The Andean landscape is striking and breathtaking for the dramatic scale and range of its geographic features. In the north-central plateau of present-day Bolivia, within the span of hours one can travel from vast Lake Titicaca’s shores, which edge onto eastern Andean mountains peaking at over 20,000 feet, and descend some fifteen thousand feet into subtropical forests and valleys. Both in its natural formations and in its shaping by human activity, the landscape has long imprinted itself on the identities of native communities and practices.
My research into Andean visual culture looks at the Andean landscape as a site of resonant meaning during the early colonial period, when new claims to land were reshaping identities, and examines the woven textile as a representation of ties to landscape. I have many questions rather than firm positions on how to understand textiles in relation to land but my hope is that visualizations of data regarding textiles will help bring my questions into a clearer orbit.
Textiles in indigenous Andean cultures are as layered with meaning as is the Andean landscape. In its attributes, a textile can reference gender, status, wealth, community ties, agricultural productivity, local topographies, as well as belief system. Partly, what I want to do in creating visualizations of textiles according to sites of origin and attributes is to begin to understand the corollaries between certain design features and specific regions or communities. Can we trace the way a textile pattern of a lake, for example, corresponds to local features of the landscape and how far do such associations between textile representation and landscape feature reach within a region? Where does one landscape feature take prominence over another in a textile representation and for what possible reasons? Where and why did certain features of landscape construct identity, to be seen in the textile as it was worn on the body as a second skin? An offshoot of these types of questions is to see to what extent it is possible to trace the movement of textiles between communities, storehouses and centers of power in the Inka Empire and then in the colonial period.
During the Inka period textiles were strongly associated with their sites of production but they were also highly mobile objects. Not only were textiles moved and exchanged like currency within the tribute system but they were also active as objects worn on moving bodies, and can be understood as representations of landscape that moved through landscape.
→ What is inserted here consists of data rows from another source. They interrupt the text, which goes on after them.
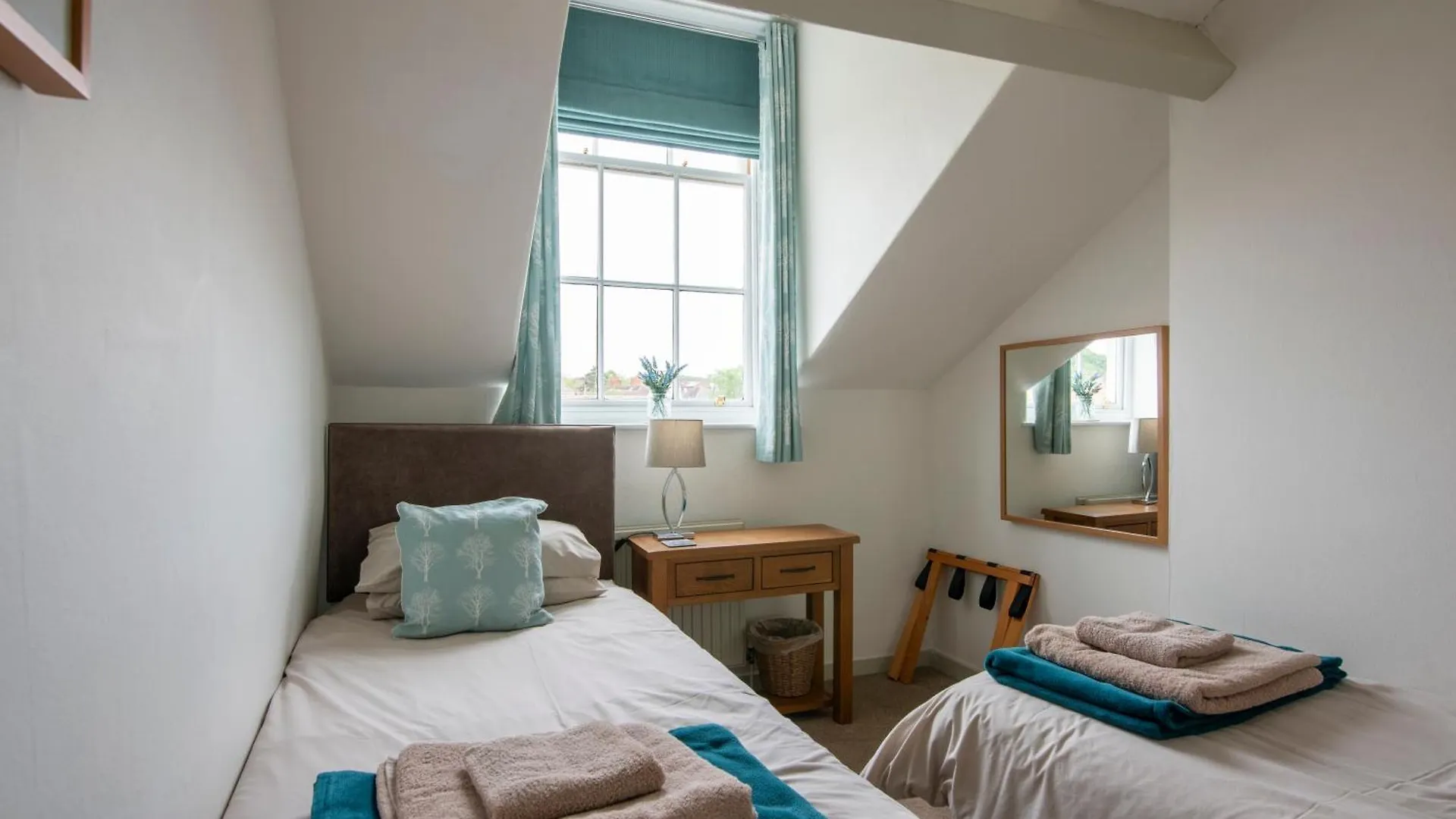 Two Apartments For Larger Group Pickering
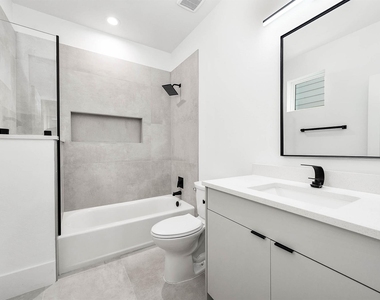 327 N Nagle Street - Photo Thumbnail 8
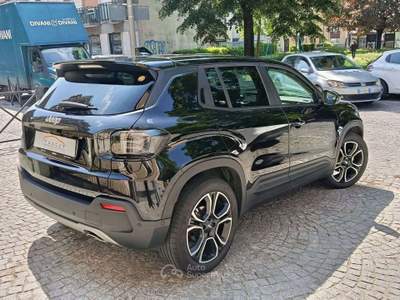 Jeep Avenger Summit 1.2 GSE T3 Nero usata Novara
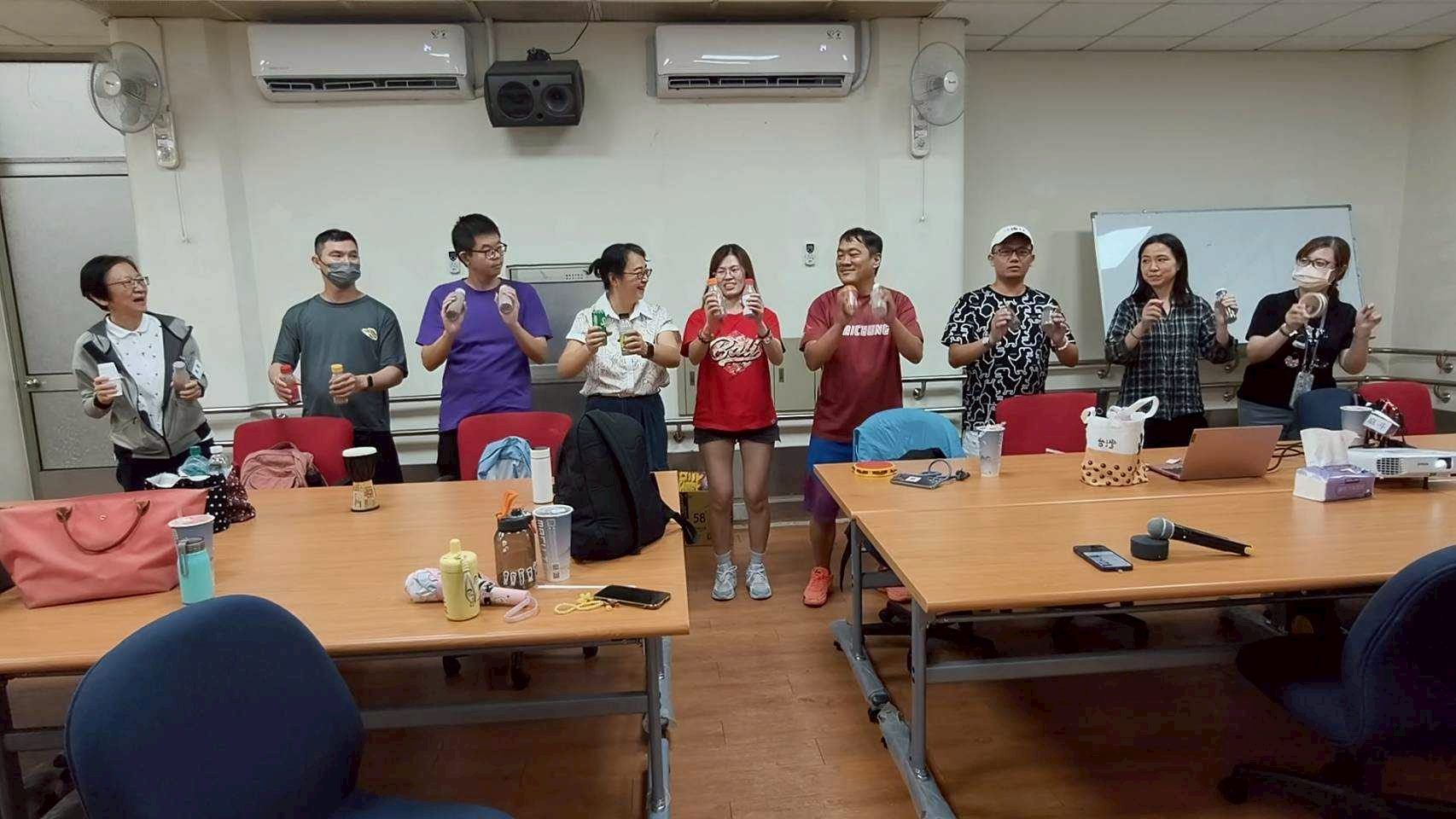 LINE_ALBUM_20260628(日)「共感同行」聽障者家庭多元療癒支持方案。_260630_27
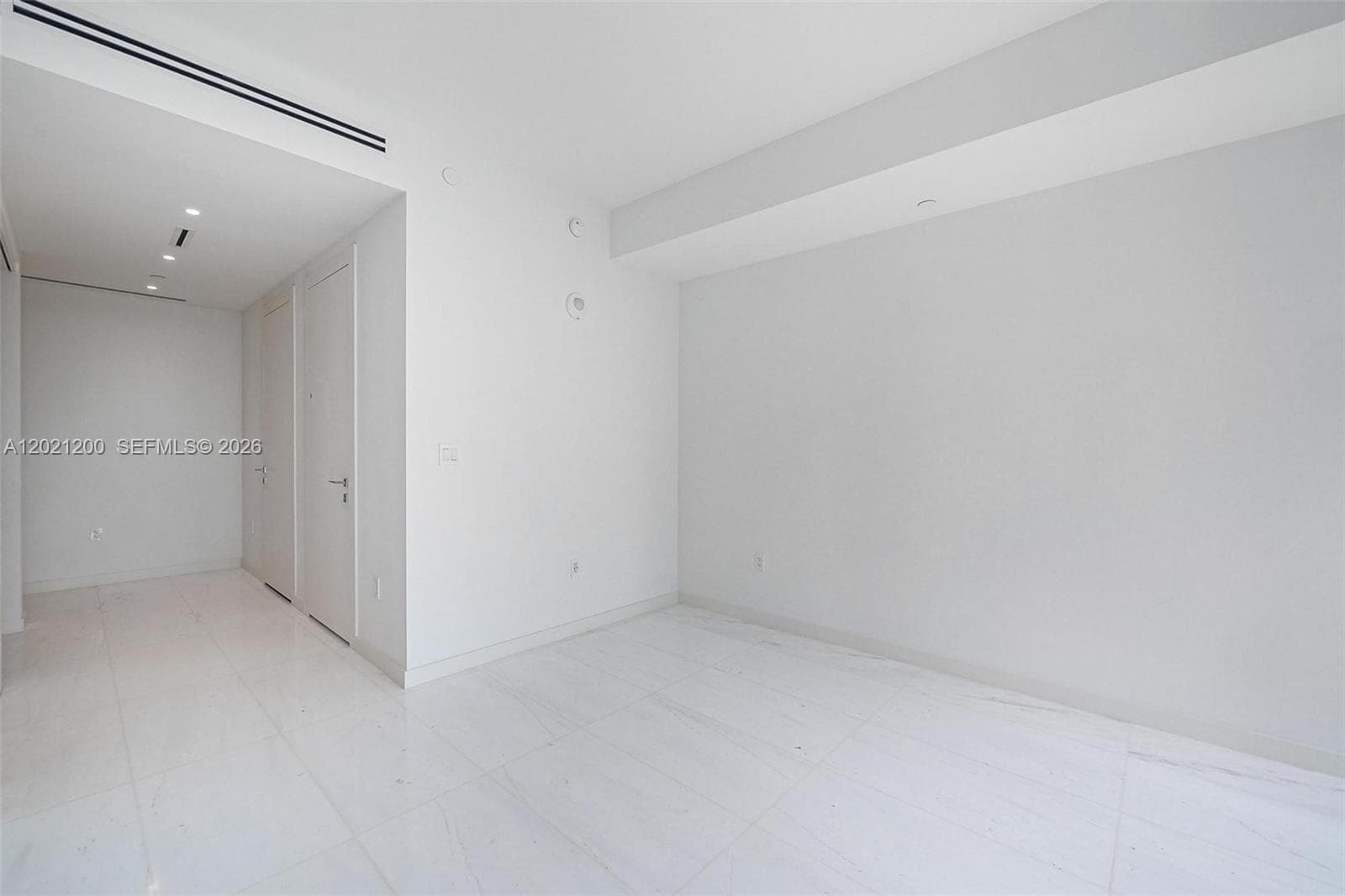 300 Biscayne Boulevard Way 2906W photo 20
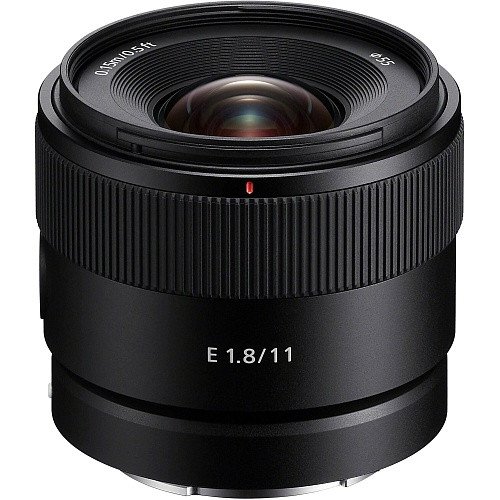 Широкоугольный объектив Sony SEL11F18 11mm f/1,8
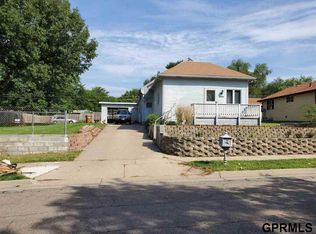 1164 Furnas Ave, Lincoln, NE 68521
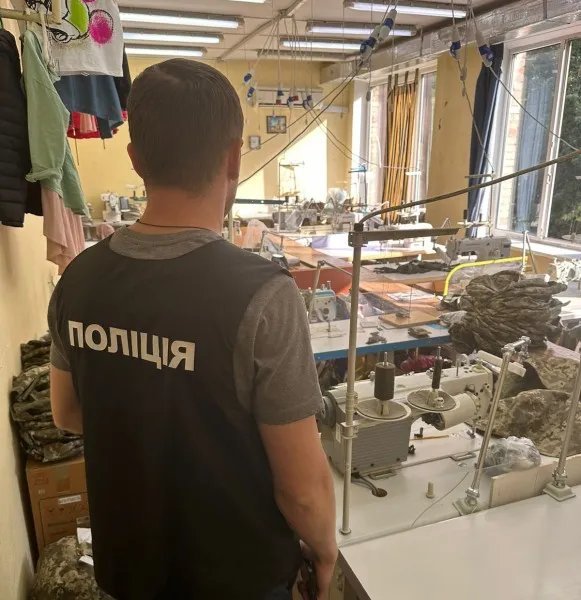 Фабрика изготовляла некачественную форму для ВСУ. Фото: Нацполиция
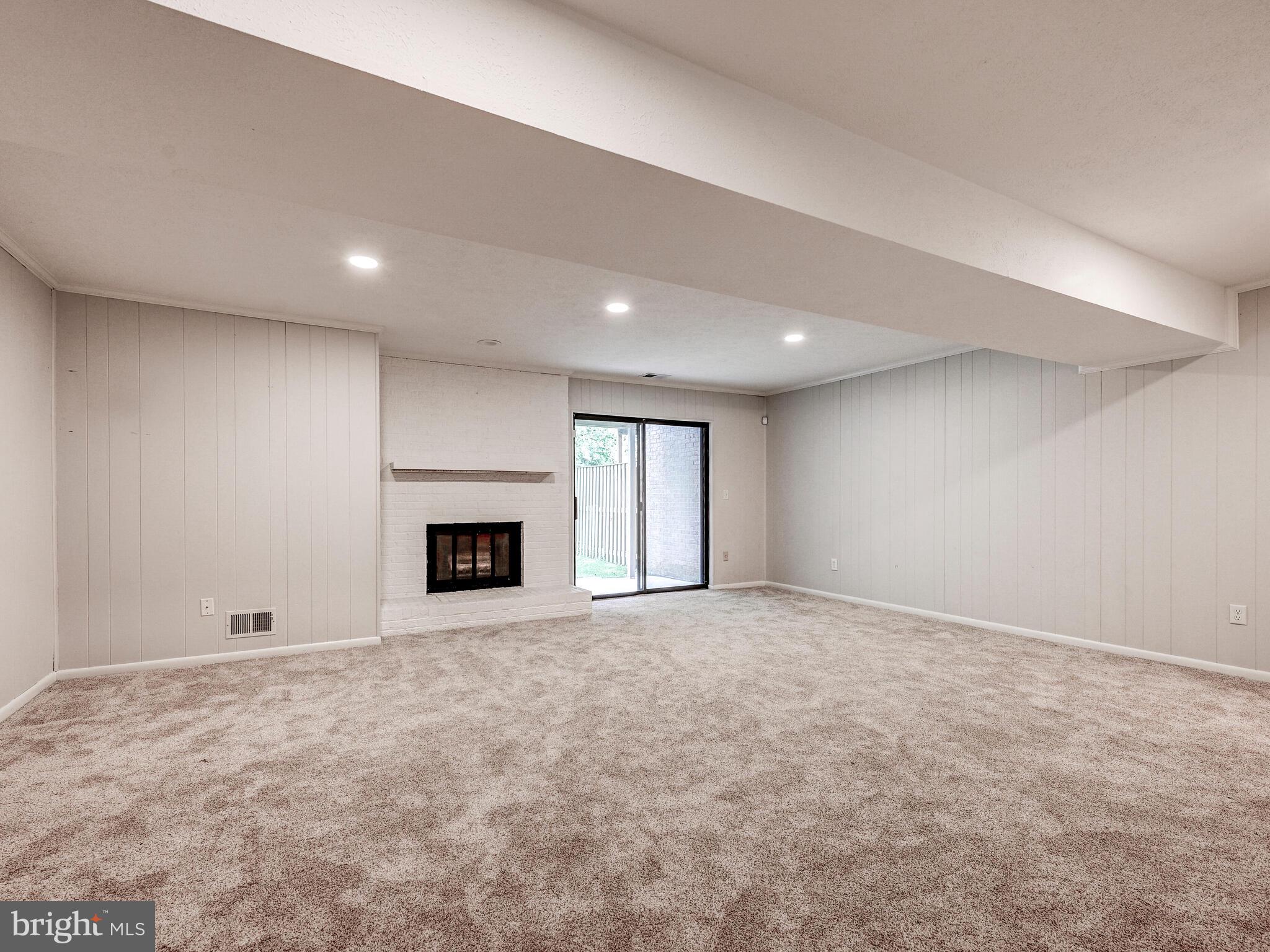 VALLEYWOOD AT FIVE FARMS - Residential Lease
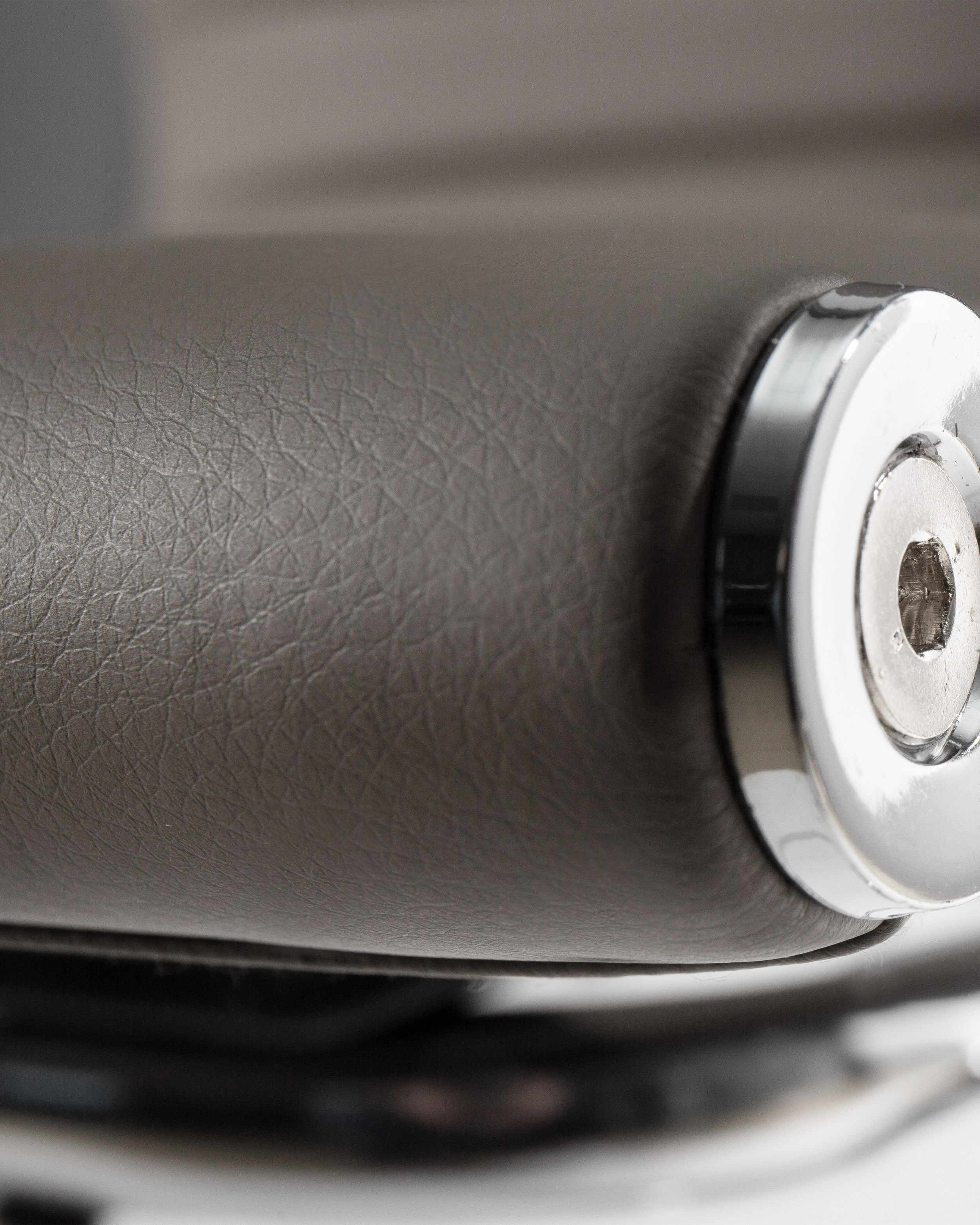 Изображение товара Офисное кресло Dobrin Cody lmr-102n 53.50x88x60 см искусственная кожа цвет серый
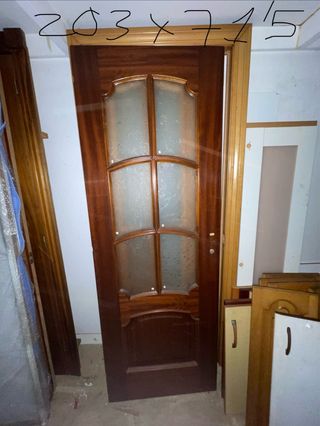 Puerta madera con cristal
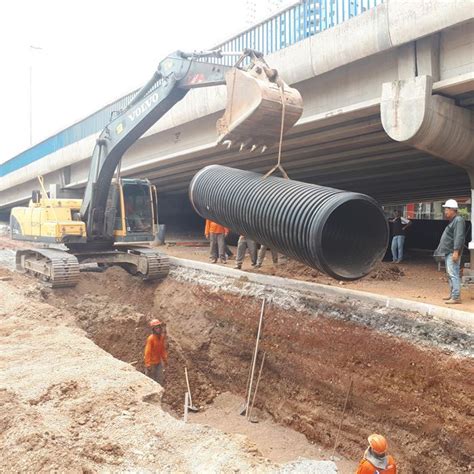 ADS Tigre Em Obra De Drenagem No Entorno De Viaduto Na Capital Do Mato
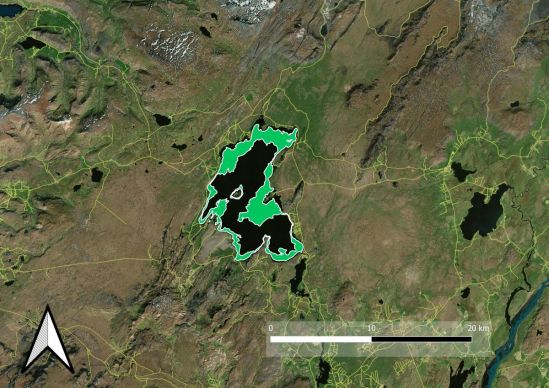 Kort af þingvallavatni og umhverfi, með ör sem vísar í norður og lengdarskala í kílómetrum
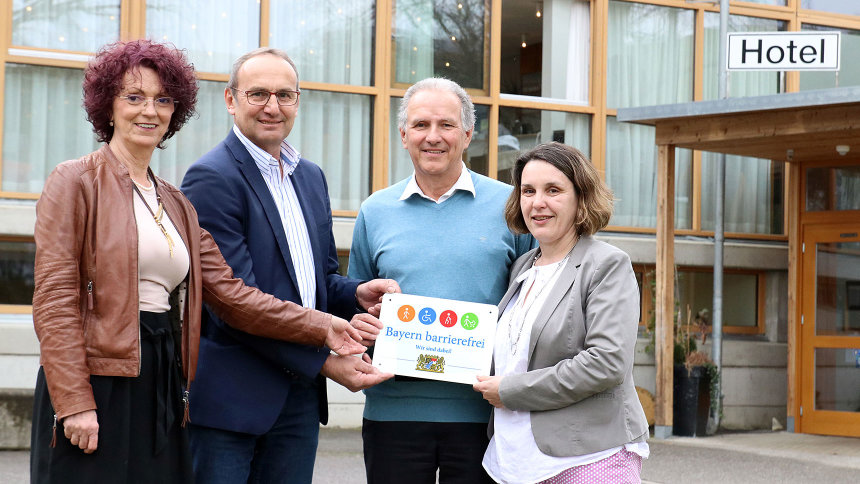 Gruppenbild: Übergabe Signet Bayern Barrierefrei.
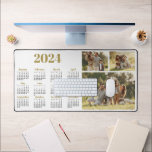 Alfrombrillas De Escritorio Calendario y Collage de fotos de 2024<br><div class="desc">¡La alfombra de calendario de mes de 2024 también incluye tus fotos favoritas! **Esto es para 2024** (Busque nuestros nuevos diseños para el próximo año).</div>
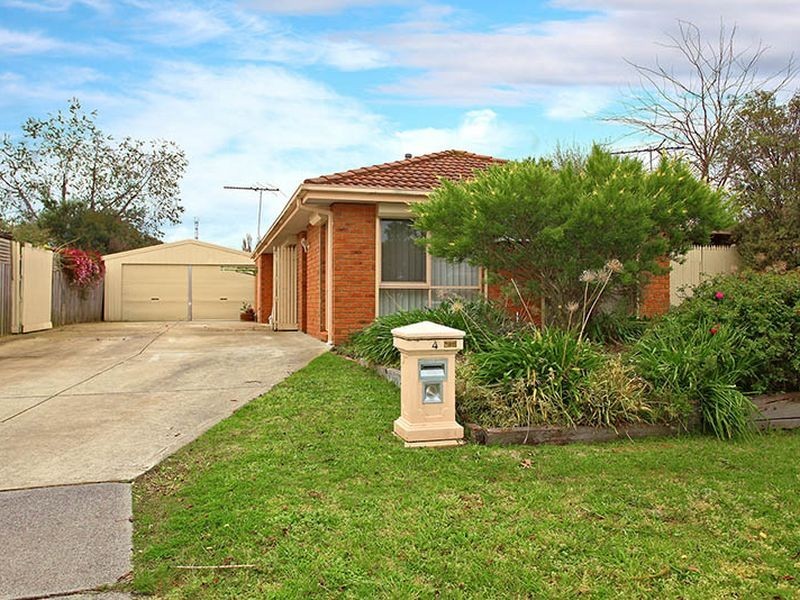 4 Annand Close, Cranbourne West VIC 3977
In certain cases and as a facet of Inka imperial strategy, certain communities would be moved across the landscape but would have to maintain dress that identified them with their place of origin. In the colonial period the Spanish would become very involved in the production and movement of textiles as well and would exploit indigenous weaving while simultaneously harnessing notions of landscape to a European understanding. Within this scope the questions then revolve around how the Spanish reshaped the landscape and how this came to be represented, perhaps in contrast to the indigenous textile with its representational significance. Can I use spatial visualizations to pose these questions in ways that lead to deeper investigations of the visual culture of the colonial period?